ヴァルドもそこで気を取り直すと、レオに肩を抱かれたまま少し眉尻を下げているユウトに気が付いて、小さく苦笑しつつその頭を撫でた。
「皆さんはこれから街中へ?」
「ああ。リリア亭で一泊する手配をして、それからもえすと職人ギルドに行くつもりだ。明日にはラダに飛ぶ」
「それはそれは……だいぶお忙しそうですね」
「まあな。だが他人事じゃないぞ。フェーズが進めばそのうちまた、あんたの力も借りることになるやも知れん。覚悟しておいてくれ」
「ユウトくんが呼んでくれるのでしたら、いつでもどこでも、喜んで」
まあ、こいつはそういう男だ。何に付け、ユウトの役に立てればそれでいいのだろう。
「ヴァルドさん、ありがとうございます」
「こちらこそ。今日は思いも掛けず愛らしいお姿を拝見させていただけて、感謝いたします。お時間があれば特製のハーブティをお出ししたのですが」
「その気持ちだけで十分です」
いつもの様子に戻ったヴァルドに安心して、ユウトが柔らかく微笑む。
これだけで周囲がほわりと和んだ。うん、弟のこの癒やし効果は何ものにも代えがたい。
レオはユウトの癒しオーラを全身で味わうように一度ぎゅっと抱き締めてから、その身体を解放した。
「じゃあそろそろ行くか」
「ヴァルドさん、お邪魔しました」
「アン」
「はい。
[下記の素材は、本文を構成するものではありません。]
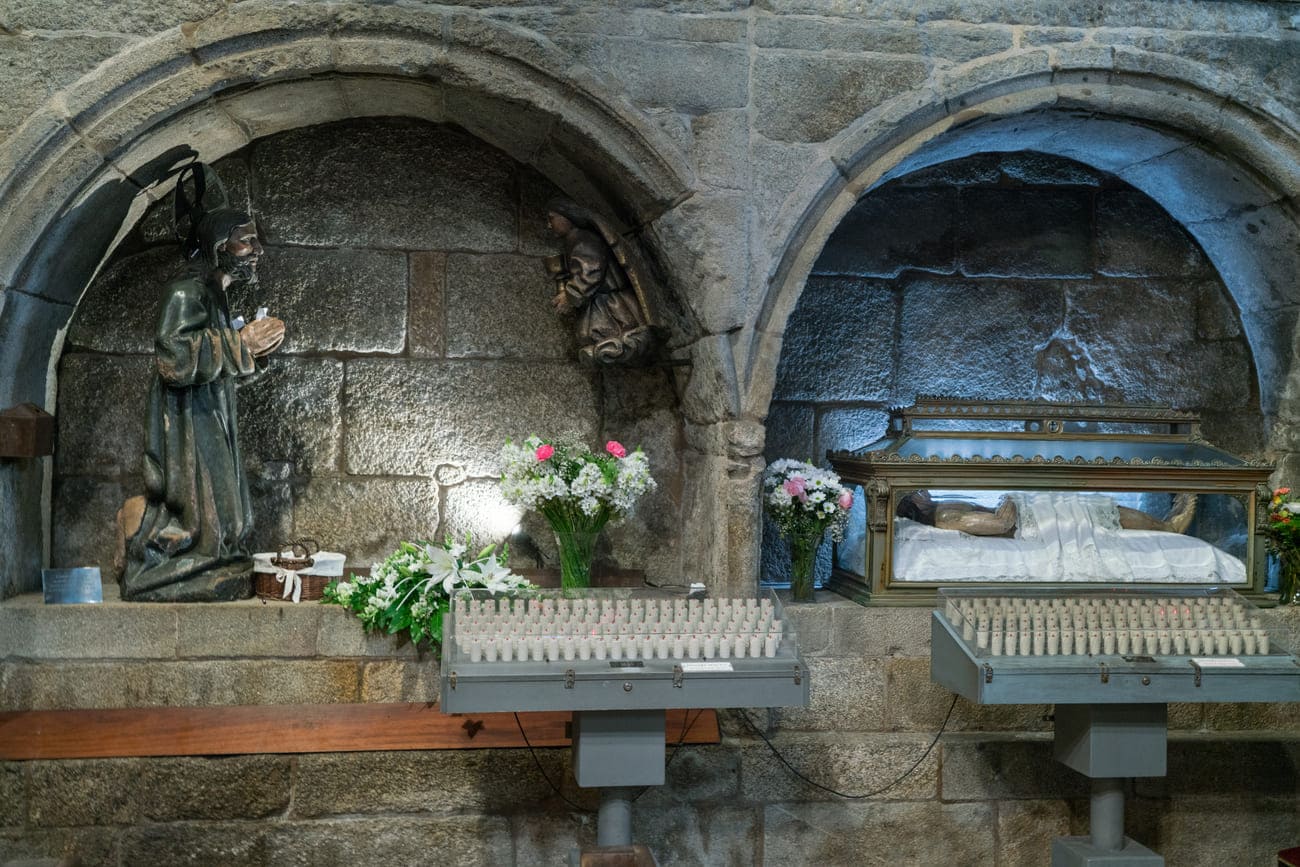 Interior de la Corticela. Dos arcosolios en los muros acogen hoy imágenes posteriores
また来て下さいね」
もはや仲間内に2人の抱擁を突っ込む者はいない。本人たちもいつものことだから何とも思っていない。さすがというか、何というか。
クリスもその様子に微笑ましげに笑って、最後にただヴァルドに一礼した。
「では、また」
「ええ」
彼らは簡潔で短いやりとりだけで、その会話を終えたのだった。